Guerra Ucraina, Montelupo è Partecipazione: "Anche responsabilità NATO. Serve il dialogo, non armi"
La condanna dell’attacco della Russia all'Ucraina, motivato proprio per quanto previsto nell’art. 11 della Costituzione, non può far dimenticare la strada che ha portato a questa tragica decisione.
In quell’area si sommano una serie di questioni che sono state colpevolmente ignorate per molti anni:
1) Innanzitutto l’espansione della NATO ad Est, che in un trentennio è arrivata alle porte della Russia, non può essere considerato un fatto secondario. La NATO è un’alleanza militare con una chiara connotazione geopolitica. L’obiezione che sia un’alleanza difensiva e che i paesi scelgano liberamente di aderirvi è vera solo per chi ne fa parte, non certo per i paesi che non aderiscono e che la vedono come avversario, se non direttamente come nemico. Il superamento della NATO sarebbe una delle condizioni per permettere una più autonoma politica estera (adesso inesistente) dell'Unione Europea;
2) Lo scontro armato in Ucraina, che data dal 2014, ha fatto circa 14.000 morti. Non vogliamo qui ripetere la storia di quel conflitto, ma la conoscenza dei fatti è indispensabile per chi di professione fa il politico. Sono anni che vengono lanciati allarmi sulla situazione del Donbass, totalmente ignorati;
3) la presenza di truppe dichiaratamente naziste, quali quelle che compongono il battaglione Azov, è gravissima, stante la storia della stessa Ucraina, che vide, durante l’invasione tedesca dell’URSS, la partecipazione diretta allo sterminio degli ebrei.
Questi punti avrebbero dovuto essere messi da anni all’ordine del giorno sia dell’agenda politica sia di quella dell’informazione, al fine di comprendere e discutere delle ragioni di tutti in un dibattito pubblico come si conviene a un Paese democratico.
Il ruolo dell’ITALIA in questo contesto avrebbe potuto essere quello di un Paese di pace, e, se si iniziasse a parlarne con chiarezza, potrebbe esserlo ancora.
La capacità di dialogare con tutti i Paesi, che dal secondo dopoguerra fino a qualche anno fa aveva caratterizzato la nostra politica estera, e indispensabile, ora come allora, per la nostra posizione nel mediterraneo, si è trasformata in un accodamento come mai nella storia ad interessi non coincidenti, o addirittura confliggenti, con quelli del nostro Paese.
Una conferenza di pace a Roma, per esempio sotto l’egida del Papa, avrebbe rilanciato una immagine straordinaria dell’Italia e non quella che ne esce oggi, dai proclami guerreschi e grotteschi che si sono visti in questi giorni da parte di ruoli istituzionali e di politici di diversi schieramenti
La decisione di inviare le armi ad uno dei due contendenti (che non è nella UE e, per nostra fortuna, neppure nella Nato) è un vulnus senza precedenti al già sofferente e bistrattato art. 11 della Costituzione.
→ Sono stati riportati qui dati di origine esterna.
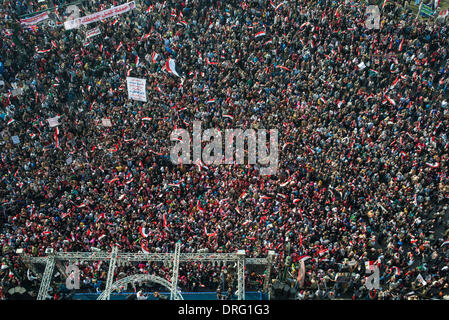 Kairo, Ägypten. 25. Januar 2014. Ägypter sammeln auf dem Tahrir-Platz zu feiern der dritte Jahrestag, dass Ex-Präsident Hosni Mubarak in Kairo, Ägypten, am 25. Januar 2014 gestürzt. Bildnachweis: Pan-Chaoyue/Xinhua/Alamy Live-Nachrichten Stockfoto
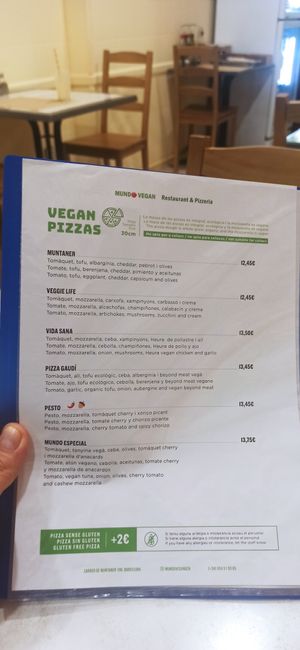 Pizzas Veganas at Mundo Vegan in Barcelona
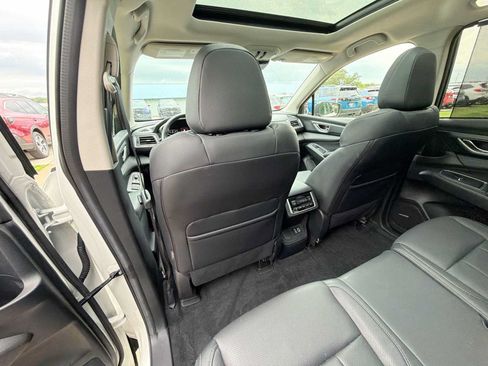 Certified 2023 Subaru Ascent Limited w/ Technology Package AWD/4WD image 15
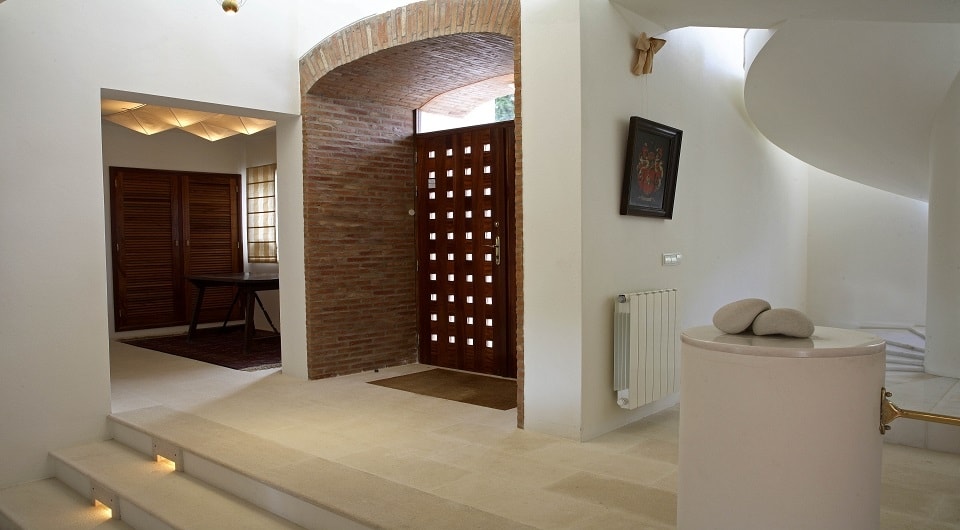 Verkocht - in Carvoeiro met luxe villa met zwembad, 2 bouwpercelen en apart gastenhuis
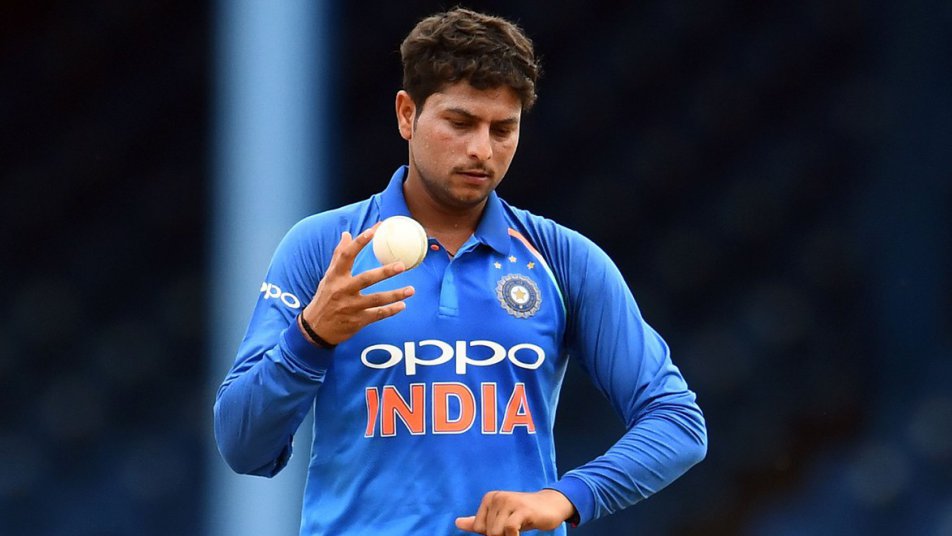 i can get david warner s wicket anytime says kuldeep yadav 12179 मेरी गेंदबाजी का सामना करने के दौरान दबाव में रहते हैं वॉर्नर: कुलदीप यादव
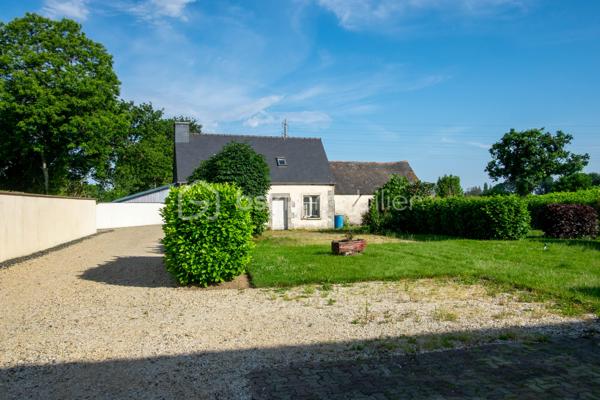 Cette Jolie Maison type néo bretonne, sous toiture ardoise, implantée sur un jardin de près de 2000m2 végétalisé, saura séduire une famille active souhaitant vivre en périphérie de Lannion avec accès rapide à la 4 voie. 
La maison principale est composée d’un grand hall d’entrée (12m2 env) desservant une cuisine dinatoire (15m2 env), un salon salle à manger avec cheminée insert, une chambre (12m2 env), une salle d’eau, un wc. 
A l’étage, pallier desservant 3 chambres dont 2 munies d’un espace type dressing à aménager, un cabinet de toilette avec lavabo et wc.
Un garage (avec grenier) avec point d’eau et chaudière est accessible par la cuisine.

Chaudière fuel en bon état de fonctionnement (mais aisément remplaçable par une PAC)
Assainissement individuel

La maison bien entretenue et de construction solide attend donc juste votre inspiration pour lui redonner une petite touche de modernité.

Le bonus ? 
Au fond du terrain, une dépendance en pierre nécessitant des travaux de rénovation attend vos projets.
Garage sur dalle et sous bac acier, maisonnette (env 40m2 au sol) avec possibilité d’aménager des pièces à l’étage (toiture ardoise et charpente neuves), et enfin une dépendance à rénover intégralement (env 30m2 au sol) accolée.
Ces espaces se prêteront aisément à de multiples projets : Locatif annuel ou saisonnier, logement étudiant pour un revenu complémentaire, local professionnel si vous êtes artisan ou libéral ou simplement logement indépendant pour accueillir une partie de votre famille ou vos amis ...
La distance à la maison principale et la dimension du terrain permettent en effet d’imaginer plusieurs scénarios où chacun est bien chez soi.

Cette maison est Idéalement bien placée, Rospez est à 15 min du bord de mer, à 3 min de la 4 voies et à moins de 10 min de Lannion.
N'attendez pas ! Contactez-moi !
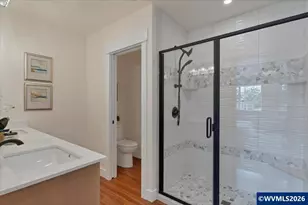 319 SW Church St, Dallas, OR 97338 - Photo 32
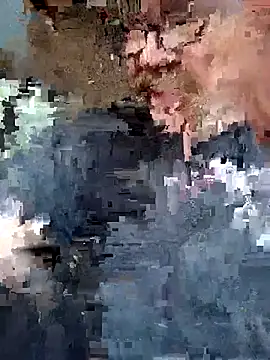 klamper online show from April 20, 2:42 pm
Da un Paese che “ripudia la guerra (…) come mezzo di risoluzione delle controversie internazionali” non si inviano armi ad un Paese in guerra, ma si mettono in atto tutti gli sforzi diplomatici perché si aprano tavoli di trattativa tra le parti.
E se poi il motivo per cui viene fatto è, come è, di un cinismo assoluto (ovvero mantenere viva una specie di guerra per procura sulla pelle degli Ucraini e dei Russi, ottenendo così una balcanizzazione del conflitto del tutto irresponsabile foriera di effetti disastrosi) ci si allontana del tutto da uno dei principi fondamentali del nostro ordinamento giuridico.
Non si tratta, come da più parti si dice, con una leggerezza inqualificabile, di non aiutare chi è aggredito, si tratta di non lavorare per la guerra, per non aumentare le sofferenze della popolazione.
E questo non lo si fa inviando armi: questo, oltre che far continuare la guerra sine die, fa correre il rischio reale di collocarci in una posizione pericolosissima.
Il paese aggressore infatti, per quanto ridimensionato negli ultimi decenni, rimane la seconda potenza nucleare del mondo. Avvitarsi in uno scontro che potrebbe portare ad un confronto diretto fra la Nato e la Russia è indice di un comportamento oltre il limite dell’irresponsabilità.
Un incidente, o un qualsiasi elemento che portasse a questo, porterebbe ad una escalation il cui risultato potrebbe essere la fine della civiltà così come l’abbiamo conosciuta.
Per questo, condanniamo l’aggressione e protestiamo vigorosamente contro l’invio di armi mentre rilanciamo l’avvio di una conferenza di pace seria che potrebbe e dovrebbe vedere, se non l’Unione Europea, perlomeno l’Italia come primo promotore.